Rating:
Sick, sick, sick. That's what this album is. Oh sure, it sounds pretty, with its gentle, mostly acoustic arrangements, whispery vocals, and other folkish whatnot, but wait a second. All those references to grinding bones and eating flesh and burying things aren't metaphors or poetic turns of phrase-- they're actually about killing people, eating them, and burying them. Songwriter and principle vocalist Jacob Thomas Berns sounds musically well adjusted, but I get the feeling he was the kid who worried his eight grade English teacher with disturbing journal entries about sexual violence and cold-blooded murder.

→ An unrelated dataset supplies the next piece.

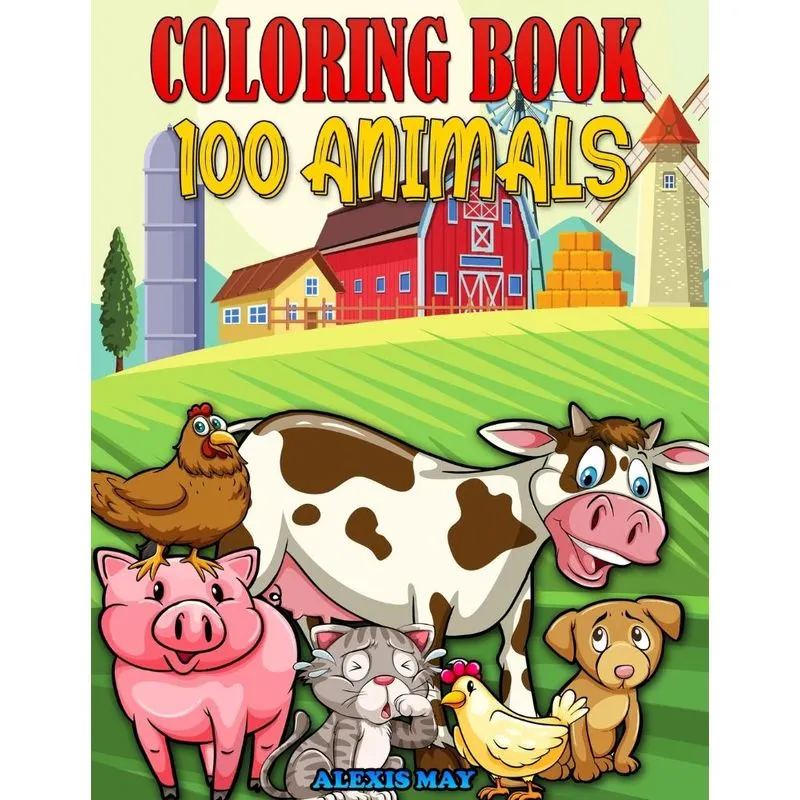 100 Animals Coloring Book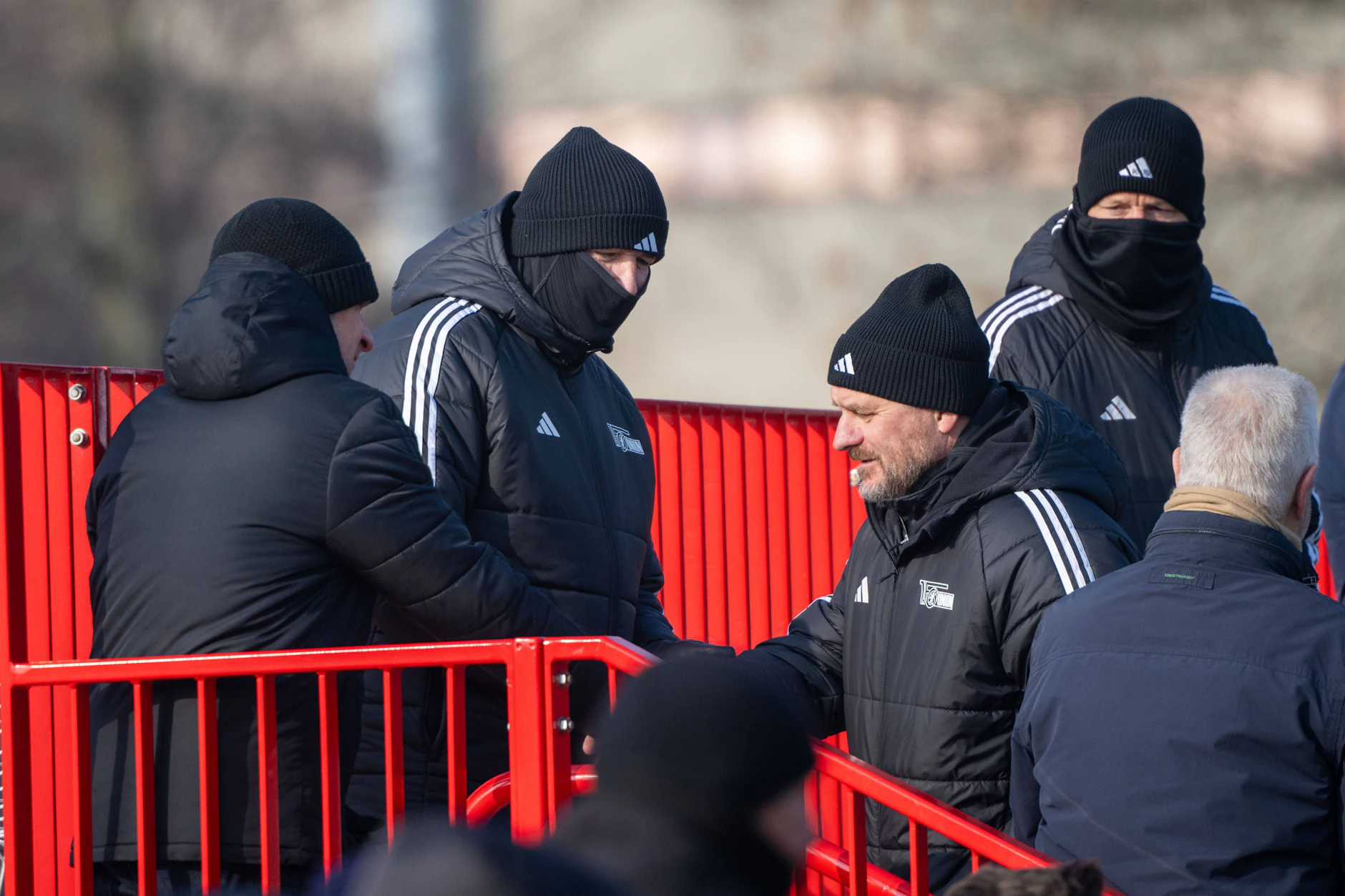 Eins von auffällig wenigen Fotos von Präsident Dirk Zingler (l.) und Trainer Steffen Baumgart. Das Verhältnis der beiden Alphatiere beim 1. FC Union Berlin sorgte immer wieder für Schlagzeilen.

Berns is abetted by two accomplices in these crimes. Multi-instrumentalist Ernest Christian Kiehne, Jr. colors the arrangements with jaunty banjo, some lovely steel guitar, and the occasional subdued organ part, while second vocalist Sonya Maria Cotton, who is a really damn fine singer, gets down in the dirt with Berns and assists in the drownings, statutory rapes, and shootings with disconcerting ease. "Let me cover you up/ With my flannel shirt/ Your skin so cold without a skirt on." Those are the opening lines of the record, on a song called "Better For It, Kid". Uh, yeah. Take the "kid" part literally and you pretty much figured out what happens in the song.
The very next track, "Mess Around", opens with a guy talking to a young girl, telling her it's okay if she wants to mess around, and goes on to say that her body will be found before her hair can grow out long. But the music is this pretty acoustic fingerpicking and the vocals are more fragile than Delftware-- it's an insidious and nauseating juxtaposition, but it's no worse than some of the darkest murder ballads that populate the established songbook. If nothing else, the little bird that lit down on Henry Lee has some company now.
So here's the thing: I can't decide if this is all unforgivably repulsive or totally ingenious. The record disarms you so thoroughly with its gentleness and lack of dissonance that when you get to figuring out the content, you almost become like one of the victims from Berns' songs. There are moments of striking beauty, like the steel guitar intro to "O, Ohio" or the organ passage that takes up the end of "Buried Treasure", which is fairly close to Low's "Sunflower" in its overall feeling. Cotton's lead vocals on "Swimming in the Swamp" are coldly perfect as she sings matter-of-factly about disposing of a body with dirt in its mouth in a vast swamp.
My overall impression is conflicted-- the songs are nice-sounding but not terribly memorable melodically, and they all tend to follow a formula of a couple verses followed by a short instrumental passage, the last of which finally goes fully electric, with a wailing e-bowed guitar part. As much as I love brevity, I think they might benefit from stretching out a bit and developing the stories in the songs. The combination of dainty folk music with murderous and lecherous themes is decently executed, but you have to wonder if they can do it again without it feeling tired. Personally, I can't decide whether to listen to it once more or stop Berns before he kills again.